Prompt:
Within the records that follow, count the lines containing the string "night". Reply only with the count.

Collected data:
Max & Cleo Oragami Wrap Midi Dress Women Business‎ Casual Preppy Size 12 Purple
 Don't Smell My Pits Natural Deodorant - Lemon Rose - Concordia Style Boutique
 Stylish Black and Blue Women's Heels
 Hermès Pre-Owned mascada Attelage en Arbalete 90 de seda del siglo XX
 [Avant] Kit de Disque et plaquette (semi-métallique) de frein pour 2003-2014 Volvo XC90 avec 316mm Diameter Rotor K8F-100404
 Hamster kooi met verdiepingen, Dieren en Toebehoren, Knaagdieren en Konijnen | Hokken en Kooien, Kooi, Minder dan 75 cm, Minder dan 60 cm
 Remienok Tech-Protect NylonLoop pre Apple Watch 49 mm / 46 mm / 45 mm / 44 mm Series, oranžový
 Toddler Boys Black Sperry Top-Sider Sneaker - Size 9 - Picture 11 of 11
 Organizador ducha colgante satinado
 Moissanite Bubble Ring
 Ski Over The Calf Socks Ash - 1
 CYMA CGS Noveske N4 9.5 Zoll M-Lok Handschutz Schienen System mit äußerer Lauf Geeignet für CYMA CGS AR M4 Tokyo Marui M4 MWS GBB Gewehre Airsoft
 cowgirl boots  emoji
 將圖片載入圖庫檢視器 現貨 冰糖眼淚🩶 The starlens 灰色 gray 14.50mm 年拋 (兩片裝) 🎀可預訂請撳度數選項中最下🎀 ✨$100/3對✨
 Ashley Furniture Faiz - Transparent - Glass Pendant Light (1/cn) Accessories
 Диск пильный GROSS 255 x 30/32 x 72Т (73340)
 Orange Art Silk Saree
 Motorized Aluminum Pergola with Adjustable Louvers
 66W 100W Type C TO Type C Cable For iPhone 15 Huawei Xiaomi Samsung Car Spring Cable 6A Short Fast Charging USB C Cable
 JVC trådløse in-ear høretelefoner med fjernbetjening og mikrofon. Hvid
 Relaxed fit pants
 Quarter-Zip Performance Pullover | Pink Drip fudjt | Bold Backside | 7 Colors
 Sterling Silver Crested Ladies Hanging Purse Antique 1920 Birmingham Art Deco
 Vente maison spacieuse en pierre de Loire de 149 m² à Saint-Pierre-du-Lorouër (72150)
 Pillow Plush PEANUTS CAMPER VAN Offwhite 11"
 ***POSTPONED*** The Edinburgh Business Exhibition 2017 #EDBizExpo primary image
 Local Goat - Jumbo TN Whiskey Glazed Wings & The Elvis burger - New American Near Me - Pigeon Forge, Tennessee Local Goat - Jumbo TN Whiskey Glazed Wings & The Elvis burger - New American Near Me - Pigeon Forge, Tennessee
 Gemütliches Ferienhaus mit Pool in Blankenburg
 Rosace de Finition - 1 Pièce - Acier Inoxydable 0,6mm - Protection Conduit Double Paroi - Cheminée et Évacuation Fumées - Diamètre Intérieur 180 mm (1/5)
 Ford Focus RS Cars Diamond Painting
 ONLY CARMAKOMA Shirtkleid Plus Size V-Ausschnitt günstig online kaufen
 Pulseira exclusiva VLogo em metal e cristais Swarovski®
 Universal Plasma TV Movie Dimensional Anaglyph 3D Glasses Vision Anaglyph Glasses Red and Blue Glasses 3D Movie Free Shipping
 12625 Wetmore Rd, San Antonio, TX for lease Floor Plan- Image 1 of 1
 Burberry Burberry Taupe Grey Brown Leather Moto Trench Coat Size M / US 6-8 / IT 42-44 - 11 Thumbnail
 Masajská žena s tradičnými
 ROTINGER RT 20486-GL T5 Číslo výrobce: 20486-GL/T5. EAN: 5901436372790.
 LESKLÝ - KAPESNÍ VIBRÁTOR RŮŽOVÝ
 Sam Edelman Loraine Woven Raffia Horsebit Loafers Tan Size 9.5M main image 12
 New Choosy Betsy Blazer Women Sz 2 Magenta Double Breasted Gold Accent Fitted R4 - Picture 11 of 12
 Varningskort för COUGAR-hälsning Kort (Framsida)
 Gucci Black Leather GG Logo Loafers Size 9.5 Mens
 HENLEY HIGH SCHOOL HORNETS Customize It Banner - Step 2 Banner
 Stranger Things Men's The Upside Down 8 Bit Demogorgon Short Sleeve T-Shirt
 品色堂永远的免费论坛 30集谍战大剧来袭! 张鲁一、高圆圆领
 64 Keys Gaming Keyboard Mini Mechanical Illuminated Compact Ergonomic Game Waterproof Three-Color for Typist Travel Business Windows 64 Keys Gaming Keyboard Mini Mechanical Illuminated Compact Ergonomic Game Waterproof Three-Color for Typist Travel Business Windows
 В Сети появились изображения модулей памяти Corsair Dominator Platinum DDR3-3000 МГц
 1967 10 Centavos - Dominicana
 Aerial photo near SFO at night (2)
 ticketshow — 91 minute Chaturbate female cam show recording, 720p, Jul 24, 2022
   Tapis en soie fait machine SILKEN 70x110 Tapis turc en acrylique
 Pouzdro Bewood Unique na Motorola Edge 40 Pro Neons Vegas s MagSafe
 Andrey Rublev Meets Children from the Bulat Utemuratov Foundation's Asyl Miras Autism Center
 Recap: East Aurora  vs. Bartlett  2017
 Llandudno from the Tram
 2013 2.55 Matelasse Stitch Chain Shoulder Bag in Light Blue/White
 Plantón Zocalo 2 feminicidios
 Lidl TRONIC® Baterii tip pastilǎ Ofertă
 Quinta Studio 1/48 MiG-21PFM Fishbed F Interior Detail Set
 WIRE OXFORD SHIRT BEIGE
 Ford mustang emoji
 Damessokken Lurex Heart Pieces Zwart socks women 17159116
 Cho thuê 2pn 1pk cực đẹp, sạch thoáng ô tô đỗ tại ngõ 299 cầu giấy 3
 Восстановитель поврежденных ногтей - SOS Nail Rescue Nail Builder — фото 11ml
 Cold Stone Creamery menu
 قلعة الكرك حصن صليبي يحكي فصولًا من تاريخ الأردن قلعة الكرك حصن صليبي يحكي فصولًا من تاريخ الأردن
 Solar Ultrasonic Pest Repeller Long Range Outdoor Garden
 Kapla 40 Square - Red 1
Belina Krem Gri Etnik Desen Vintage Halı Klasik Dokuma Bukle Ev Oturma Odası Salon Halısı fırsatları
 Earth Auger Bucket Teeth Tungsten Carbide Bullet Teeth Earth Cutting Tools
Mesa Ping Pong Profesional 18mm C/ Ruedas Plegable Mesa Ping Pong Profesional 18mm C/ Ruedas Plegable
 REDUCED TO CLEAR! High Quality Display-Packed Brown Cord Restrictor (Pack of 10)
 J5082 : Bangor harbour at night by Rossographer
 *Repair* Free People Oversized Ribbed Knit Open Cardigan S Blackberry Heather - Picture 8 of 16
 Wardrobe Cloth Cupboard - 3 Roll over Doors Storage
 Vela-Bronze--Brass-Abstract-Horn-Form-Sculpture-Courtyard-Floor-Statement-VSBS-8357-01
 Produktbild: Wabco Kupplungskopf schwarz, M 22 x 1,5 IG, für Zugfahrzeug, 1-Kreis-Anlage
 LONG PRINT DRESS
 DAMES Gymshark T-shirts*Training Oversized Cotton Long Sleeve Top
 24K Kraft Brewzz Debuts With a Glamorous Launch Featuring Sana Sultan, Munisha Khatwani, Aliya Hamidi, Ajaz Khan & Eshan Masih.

Exercise response:
2